Consciously Surreal: Photography, the Uncanny, and the Body

January 12 - May 8, 2016

Championed as a medium capable of yielding unmediated copies of nature, photography is often believed to operate in the realm of the factual. The works on view in Consciously Surreal challenged this notion of photographic truth through the purposeful engagement of experimental techniques, fragmentation of the body, and chance encounters. Either positioned on the periphery of Surrealism or working well beyond the movement’s heyday, the artists highlighted in this exhibition nonetheless engaged with surrealist concerns in a variety of ways.

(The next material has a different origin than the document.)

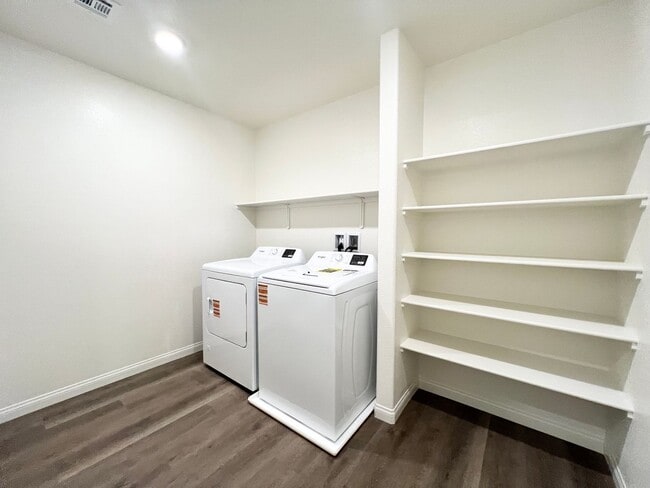 Building Photo - 2625 Dahlia Fls Ave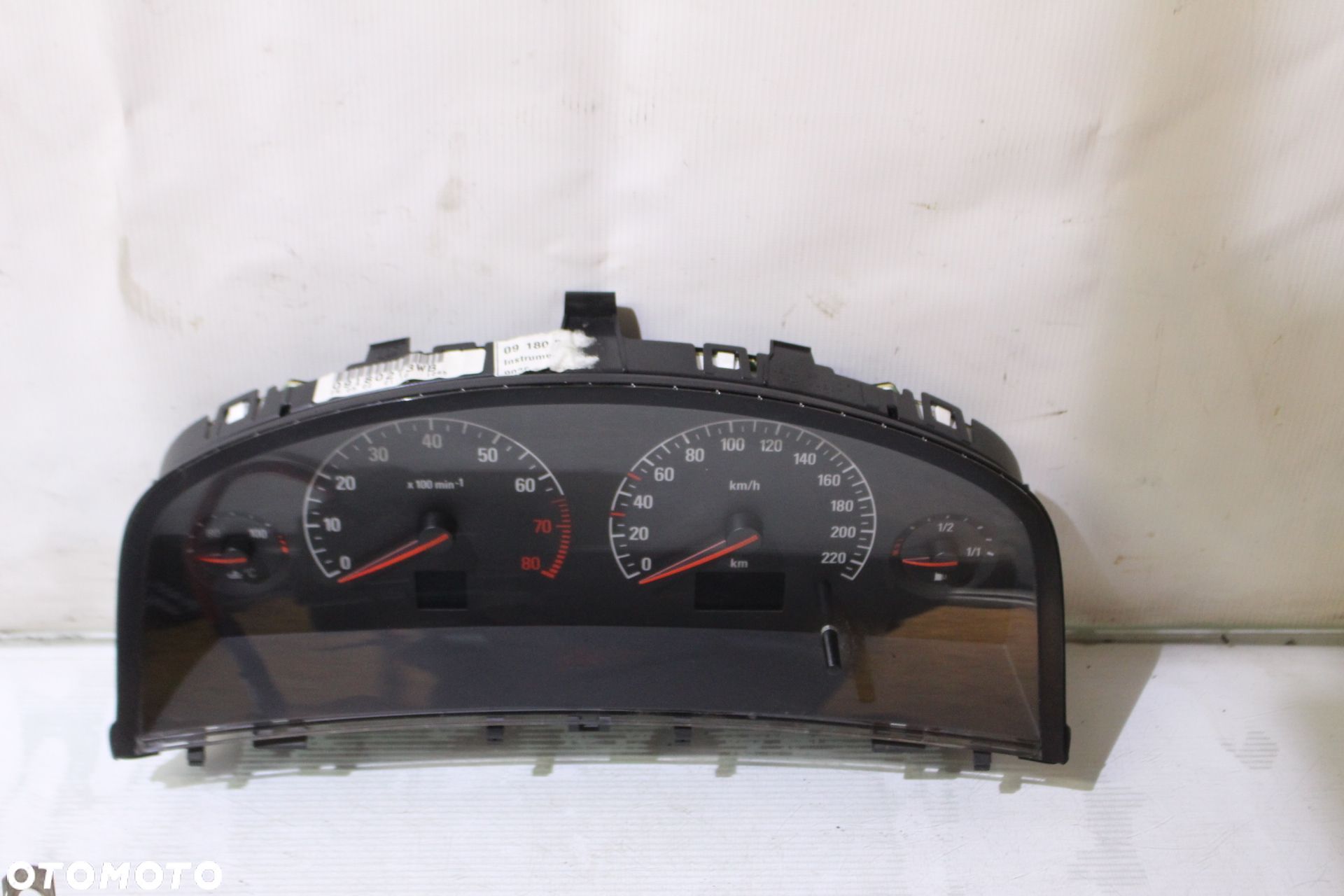 LICZNIK OPEL VECTRA C 1.8 09180273WB - 1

Works by David Teplica, Robert Heinecken, and Manuel Alvarez Bravo duplicated, cropped, and framed the body in such a way that denied its status as a unified whole, echoing the Surrealists’ preoccupation with deconstructing and reconfiguring the human form. In merging the fantastic with the banal, documentary photographers Walker Evans and Frank Paulin faithfully recorded incidences of the uncanny in rural America and the streets of New York respectively. Not afraid to experiment in the darkroom, Jerry Uelsmann and Bernard Siegel combined, overlapped, and overexposed negatives as a means to arrive at both landscape and portrait images that are rather unexpected.


Other photographers represented in the exhibition included Gail Chase, Konrad Cramer, Adam Fuss, David Graham, Ann Hamilton, Barbara Morgan, Alexander Rodchenko, and Joel-Peter Witkin.


Organized by the Palmer Museum of Art.